I remember my dad telling me one time that my great-grandfather was an Irish captain who married a Cherokee woman who was known for making pottery with her long fingers. Of course, I knew that it was bupkis even before finding out the real truth, but it does reflect what many Americans have been told. People have the tendency to exaggerate their lineage especially if they are ignorant of it. As Sandor Clegane would say: “Most families claim some great ancestor so far back that nobody can prove them liars.” Often, royalty make claims of descent if it benefits their own standing, which was done throughout history. In the case of the Merovingians who were a royal family in the early Middle Ages, they claimed descent from a queen who was bathing one day and then she was impregnated by a quinotaur, which was a bovine sea creature. The Chronicler Fredegar went in a less abstract position but made the claim that they were really descended from King Priam and his band of refugees of the Trojan War.

However, when they cannot “a round, unvarnished tale deliver” (as Othello would say), people who have genuine intentions would simply shrug concerning the real truth of their family’s history which they may not actually know. Their intentions may not be cynical, rather they just want to have a tapestried story of their lineage. I will not lie, since I did have exaggerated expectations as to what ancestry I had. I speculated whether I was largely Irish but also part Native American, Jewish, or Italian, if my ancestors came to America during the Potato Famine, or even related to the Clan Scott in Scotland.
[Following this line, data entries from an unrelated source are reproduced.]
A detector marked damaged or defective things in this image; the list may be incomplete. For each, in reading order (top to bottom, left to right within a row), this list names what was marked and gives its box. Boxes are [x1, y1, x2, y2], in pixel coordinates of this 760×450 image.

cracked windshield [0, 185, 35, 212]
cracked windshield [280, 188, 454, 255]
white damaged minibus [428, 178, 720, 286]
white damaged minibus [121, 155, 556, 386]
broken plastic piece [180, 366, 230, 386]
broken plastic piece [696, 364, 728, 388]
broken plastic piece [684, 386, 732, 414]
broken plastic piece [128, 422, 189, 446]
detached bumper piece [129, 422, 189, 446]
I have discovered that none of these were true, though it does not make me disappointed, since now I am curious about how life was like in Northern Ireland that caused my ancestor to leave and come to America. It reminds me of when George R. R. Martin found out that he was not actually 1/4 Italian but 1/4 Jewish, he had more unanswered questions than answers and he even stated to Henry Louis Gates that he wanted to write a story about his family.
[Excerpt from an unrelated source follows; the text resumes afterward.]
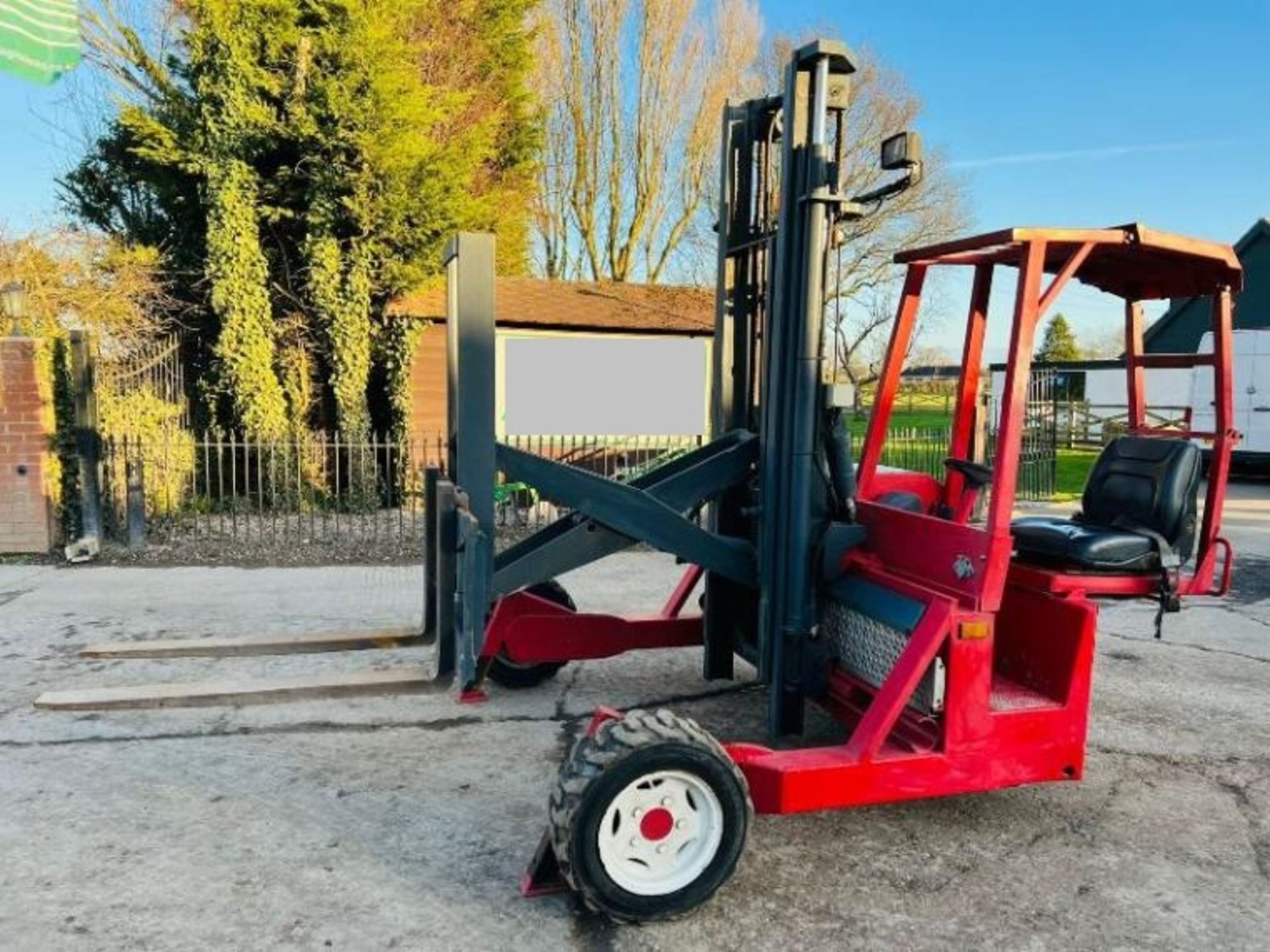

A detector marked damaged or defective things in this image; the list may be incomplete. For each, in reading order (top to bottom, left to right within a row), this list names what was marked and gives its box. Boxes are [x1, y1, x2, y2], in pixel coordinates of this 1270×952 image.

cracked concrete slab [2, 478, 1270, 945]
Indeed, I can definitely say that there are plenty of gaps within the research conducted by a freelance genealogist I paid to uncover this information, which are where I would want to fill in. Considering how my father was always fascinated by pirates and would always take us on vacation to the Florida Keys, and how my father’s mother’s side consisted of a line of fishermen, was there a connection? Did my father’s fascination with the sea come from his mother?
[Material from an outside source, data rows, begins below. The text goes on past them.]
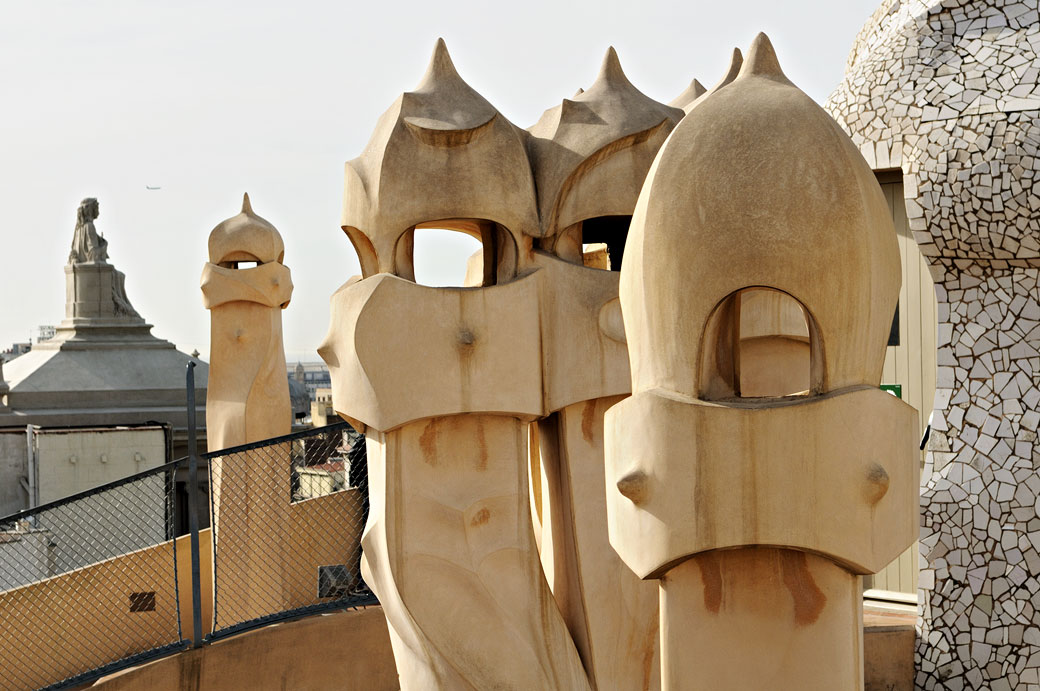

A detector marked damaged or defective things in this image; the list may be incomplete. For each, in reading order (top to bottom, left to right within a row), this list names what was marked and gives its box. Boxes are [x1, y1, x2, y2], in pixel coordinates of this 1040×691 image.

rust stain on stone [418, 416, 438, 464]
rust stain on stone [582, 399, 599, 443]
rust stain on stone [472, 505, 490, 526]
rust stain on stone [698, 553, 723, 611]
rust stain on stone [782, 549, 827, 624]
Since my paternal line originally immigrated from County Tyrone, which is located in Northern Ireland, and since there are plenty of Scottish surnames like “Scott” (obviously), “Miller,” and “Rankin” and English surnames like “Newman,” “Derby,” Smith,” and “Ward,” it completely alters how I look at my Irishness. Although I was told that I was Irish on my father’s side, it was never made clear where exactly in Ireland it is. I have always thought it was in Ireland proper, though now it would appear that I am more Scottish and English than I originally thought. I always thought that I had some degree of Scottish ancestry due to my “Scott” surname, though now this revelation sheds light on that degree.

The problem that I may have had was focusing on the word “nationality” within the context of not just “belonging to a nation” but also “belonging to an ethnicity” like when people say “What nationality are you?” and you list off the nations from where you claim descent. In some ways I was doing that, not out of any strong transnational conviction but out of a general idea cartography, though this insight proves that humans are more mobile than they are actually perceived as being.

Though even if I was part Native American, I know that it would not help if I told people about it; especially not Native Americans since I have never lived in a reservation so I do not comprehend the grievous living conditions that Native Americans have to go through in modern America. This is why Native Americans were upset about Elizabeth Warren’s claim of Cherokee ancestry even after it was proven true.

I will tell you that the discoveries you may uncover may not be as exotic as you expected. You might not be descended from Native Americans or Charlemagne, but you will find details that will surprise you.